Tuesday, July 8, 2008

GAFCON Traditions are Christian Traditions

I’ve never said anything in the past about the AMiA because, to be quite frank, while I’ve got nothing against anyone stealing an acronym in order to improve their Google ranking, doing so from the Arab Marine Industries Association is just plain silly if you’re trying to make a name for yourself in the cutthroat world of Bible-believing Anglicanism. Then again, any organisation which thinks it’s sensible to have more ‘bishops’ than parishes is probably always going to find the ecclesiastical equivalent of tying one’s shoelaces difficult, and it really is unfair to be too harsh on little Chuck Murphy and the boys. After all, they try hard, and just because they’re convinced America needs to become more like Rwanda is no reason to laugh at them all the time.

In fact, despite that the AMiA are the Communion’s equivalent of that kid in school whom the teacher always left sitting in a corner with a box of old crayons, and whom could never be trusted to not eat all the paste on craft days, they invariably display an attribute which every GAFCON Christian should emulate: no matter how stupid whatever it is they’re saying might be, they always insist that it’s an essential part of traditional orthodox Christianity. Whereas liberal apostates might say things like “I know this is new, but times change and the Spirit challenges us to find new ways of meeting God in the face of these changes”, the true GAFCON believer will always insist that every innovation – regardless of how outlandish it may be - is actually something that the Saints have done since before St. Paul heard a voice telling him to stop killing people.

Indeed, one can never underestimate the intimidatory power of saying “I’m just holding fast to what Christian’s have always believed”. It doesn’t matter that only tiny minority of Christians might have believed it, or that this belief first became popular among a group who also specialised in tearing out the tongues of women with more than two vowels in their first name: history has nothing to do with things. Just proudly stick your chest out and insist that your position is the only historically orthodox one, and everyone else is denying the faith’s foundations.

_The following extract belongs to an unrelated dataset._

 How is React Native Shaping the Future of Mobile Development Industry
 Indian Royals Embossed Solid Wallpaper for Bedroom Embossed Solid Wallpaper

You’ll be amazed at how easily this convinces those around you. Once, after eating some mushrooms Brother Richthofen found growing wild in the woods, I spent a whole month convinced that Christ instituted pickled onions as a third Eucharistic element. Despite meeting resistance from my area deanery I stood true to the voices I was continuously hearing, and harangued every clergyman I knew day and night about this important Christian tradition”. To this day some of them still keep a small jar on the altar, which just goes to show: if they AMiA can keep their energy up for long enough they might even one day manage to introduce Middle Americans to the quaint Rwandan custom of settling community disputes with a machete.

I’m Father Christian and I teach the Bible.

1 comment :

Anonymous said...

Dear Father Christian - having once stirred outright terror among a group of women when I told them that hang nails can trigger a nervous system cascade that results in exploding eyeballs, I know very well the ease with which information may be introduced to the general populace of "believers". All to often the term "believer" means one will believe anything someone who holds a bible tells them with a reasonable air of conviction. I have begun to suspect that humanity was created as a sit-com for the gods and this week GAFCON is the special guest.